Updated: Feb 16, 2021
The 2–3–5, originally known as the "Pyramid", was a long-term successful formation back in the 1880s. Believe it or not, it was pretty much the normal football formation in the UK, something like today's 4-4-2, 4-3-3 or 4-2-3-1, it was hugely popular. The 2-3-5 pyramid shape is actually not too strange. Recently, I covered Pep Guardiola's Manchester City 2020-21 tactic and he achieves a similar shape but in transitions and not as a starting position. He may start of using a more traditional 4-3-3 shape but as the play develops, the wing-backs come inside and form a line with the holding midfielder, this would leave 2 at the back and 3 holding midfielders. Two central midfielders could join the attack and this would effectively make a 2-3-5 shape.
The formation would usually consist of 2 defenders (side-backs) and 3 central midfielders (half-backs). The 2 central defenders would have the job of marking the attackers in their zone and the 3 central midfielders would cover the areas needed, that could be the flanks to engage tackling the wingers or the gaps possibly made in half-spaces and in between the lines.
The use of, essentially 5 defenders, and 5 attackers strikes a balance. But this also gives you the possibility of having a numerical advantage in central attacking areas as you will have 3 attacking occupying central areas. This is far from easy to defend because then the formation would have two wingers who stretch play, so if the opponent's full-backs choose to close down or mark the wingers, this leaves space for attackers to attack the channels (the space between the full-backs and central defenders).
In an attack, things can be easy to read if the attackers are assigned to the same duties/roles, which is why you'll usually see teams who use this shape in their transitions would have some variations in their attack. Instead of having all 3 central attackers running forward into channels, you have the option to use an attacker as the main creator. Asking him to drop deeper to collect the ball can disrupt any defensive shape because the opponents would have a choice to make, stay or follow. A defender may not want to follow in case it leaves space in-behind him but he also may not want to stay and allow your creator to create. This is where you can force your opponents into mistakes when making decisions and in moments like this, a game could be won.

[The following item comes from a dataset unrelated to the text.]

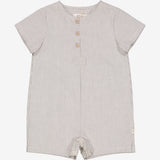 Wheat Main  Playsuit Niller | Baby Suit 1045 classic blue stripe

In build-ups, the midfield 3 would be vital in ball progression. With the 5 attackers occupying the final 1/3 areas, the ball needs to work its way from defence to the attack and the midfield 3 need to be confident in doing so. For solidarity in the team shape, the midfield 3 wouldn't look to roam around the pitch for multiple reasons. They need to consistently be an option in deeper areas for the ball to progress unless you look to attack with a direct ball. Also, in case the ball is lost, the midfielders need to be in positions where they can stop a counter-attack and protect the back 2. Once the ball has worked its way forward to the attackers, they could be expected to use positional rotations. This is a way to create space and disorganise the opponent's defence by giving the attackers freedom. One idea could be when the ball is out to a wide player, one of the central attackers can look to move into the wide-area to create a 2v1 situation, the central attacker can then take control of the ball whilst the winger then takes up the position the central attacker was occupying.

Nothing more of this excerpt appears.